My meal:  I had a dos equis beer, chips and salsa and guacamole and a chicken fajita burrito.

The meat:
Now the best thing about Chipotle is their chicken. Their chicken is marinated in crack cocaine and is delicious - its salty and a bit spicy but not overwhelmingly tasting of one thing or another. its still a bit fatty but tender and juicy. I ate this chicken almost every day for two years.  At Tomatillo, there appeared to be cinammon in the marinade for the chicken in the chicken fajita burrito I had.  While I didn't mind it, it just added a "what's that flavor" to the chicken that I wasn't expecting. They claim its marinated in an adobo marinade.
Advantage: Chipotle

The burrito:
It was double wrapped in paper and tinfoil which helped because it was messy. It had beans, rice, meat, and veggies in there. I saw big roasted red peppers.  At Chipotle, the other thing I really like is that they use romaine lettuce instead of iceberg (although they are always super stingy with how much they give you) but I couldn't really tell what lettuce was in my Tomatillo burrito. I suspect it was iceberg.  The black beans were more soupy and less whole pure black beans than Chipotle and there was no option of pintos. but I like black beans so this was fine.
Advantage: Tied

The chips:
At Tomatillo ,the chips were actually made there on premises and crispy - tortilla chips are the biggest problems in the Netherlands... these were good but not salty enough. I love the Chipotle chips becaus they are thin and crispy and served in a paper bag.

Advantage: Tied

The Guacamole:
The Guacamole had too much lime in it and not enough chunks of Avocado. And it was WAY too expensive for the amount I got. At Chipotle, you get a giant scoop for 1.50 and I paid for a little to go souffle cup for 3.50 euros. but it was pretty good compared to most guac here.

Advantage: Chipotle

The beer:
They had a selection of Mexican beers - Dos Equis, Negro Modelo, and Corona and served it with a lime and without a glass, which I liked but they need to crank down the temperature of the cooler a bit since Mexican beer needs to be cold, in my opinion.

Advantage: Tied - the 'generic' alternative is Heineken at Tomatillo which is better than Bud.

The Salsa:
Now, for the most important part....the salsas.

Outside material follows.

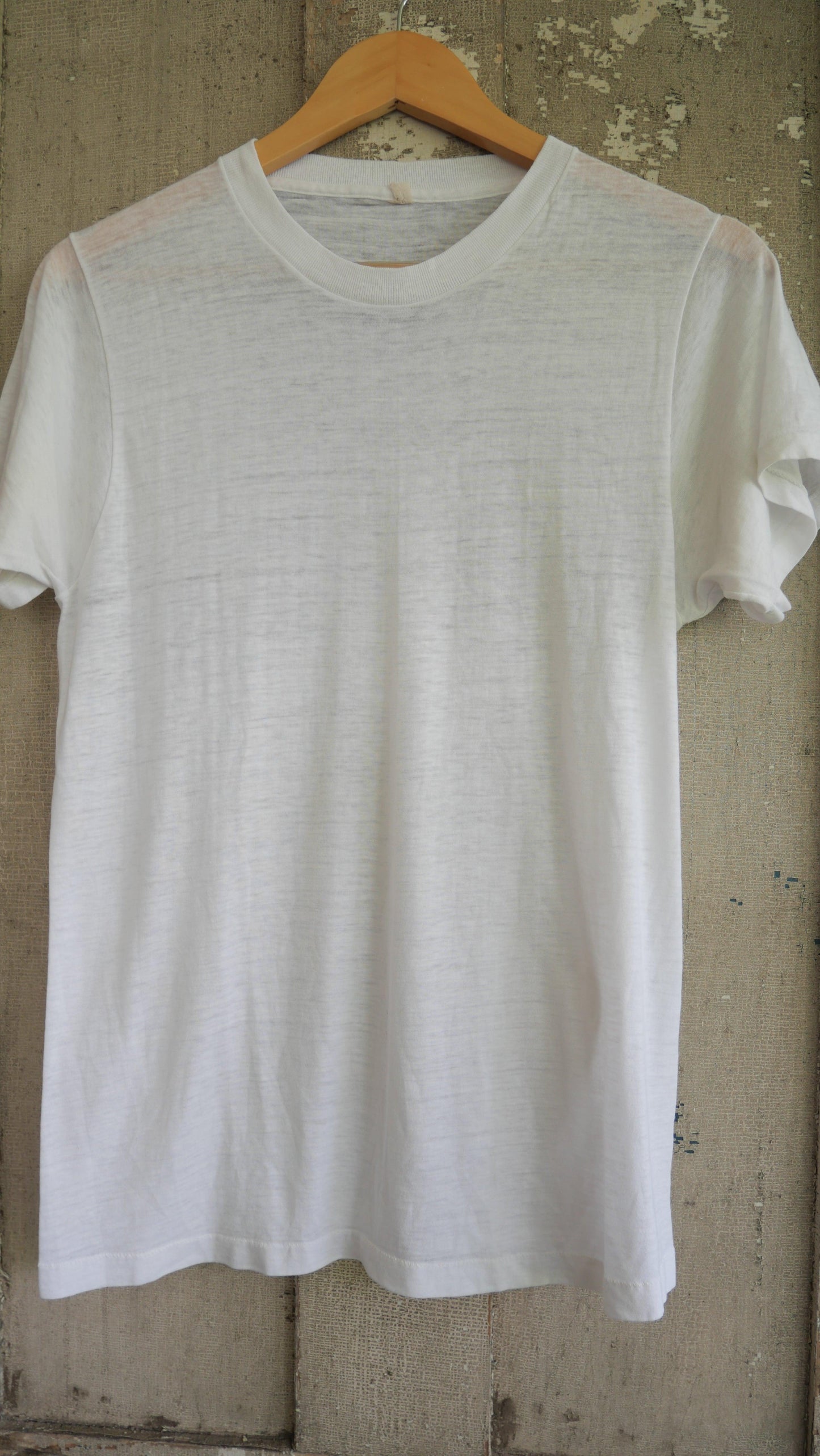 1970s Blank White Tee | M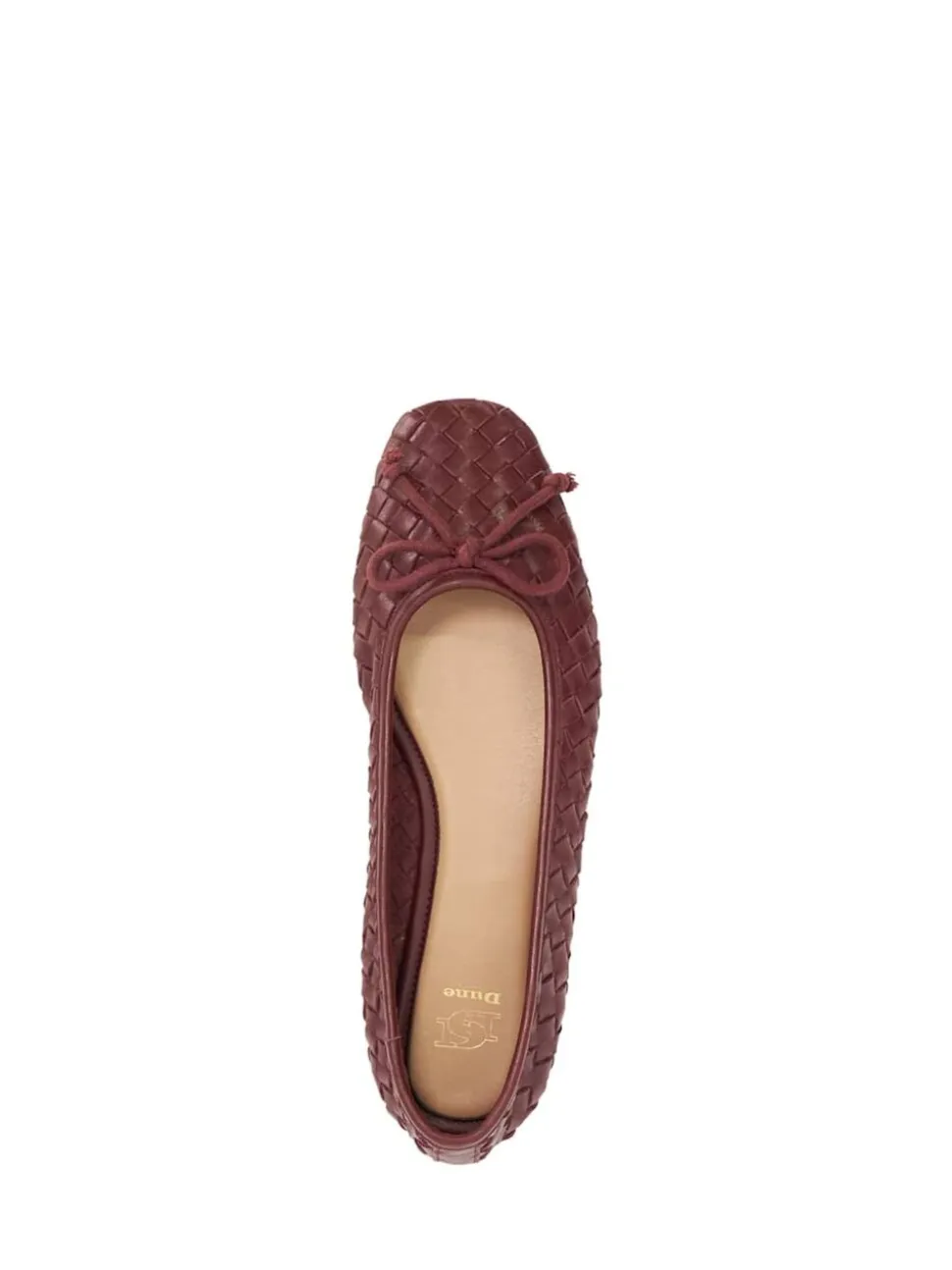 Rood - Dune London Heat Woven Ballerina Shoes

I ordered the Chipotle medium spicy salsa and the Habanero extremely spicy salsa... on a scale of spicy from 1-10 with 1 being tomato sauce from a can and 10 being biting a habanero pepper in Jamaica, I would give the Chipotle medium spicy a 4 and the Habanaero a 5. I didn't consider either to be spicy. The chipotle wasn't even as spicy as Old El Paso spicy taco sauce.  And they pureed their salsas which I normally don't like but I noticed a lovely looking pico de gallo on the serving board so next time I go back, I might try that.

Advantage: Chipotle

Overall grade: For Amsterdam, this is the best Mexican (Tex-Mex) that I've had. But as far as "just like Chipotles" - I would give it a B-. But I'm now sufficiently intrigued about how authentic it can get to Los Pilones and try their margaritas.

1 comment:

Libby said...

Loved this post, Sarah. Make no mistake--the hunt for good Mexican food is a serious and wise pursuit. Good luck!
I've had two experiences with Mexican food in SC that blew me away and sent me to Heaven. One was thanks to our friend Cassandra--that woman knows how to make enchilada sauce like it was meant to be made. I still crave it and haven't had any success in duplicating it. The other---I once had the number of a Mexican woman who is basically the caretaker/nanny/chef/one woman dynamo for a family of Texas transplants (here in Columbia) and she made incredible tamales and enchiladas verdes and charged way less than she should have. I've since lost her number and don't know her last name. What a fool I am. There is no great Mexican food in Columbia otherwise--in spite of what you may have heard. But I'll keep looking.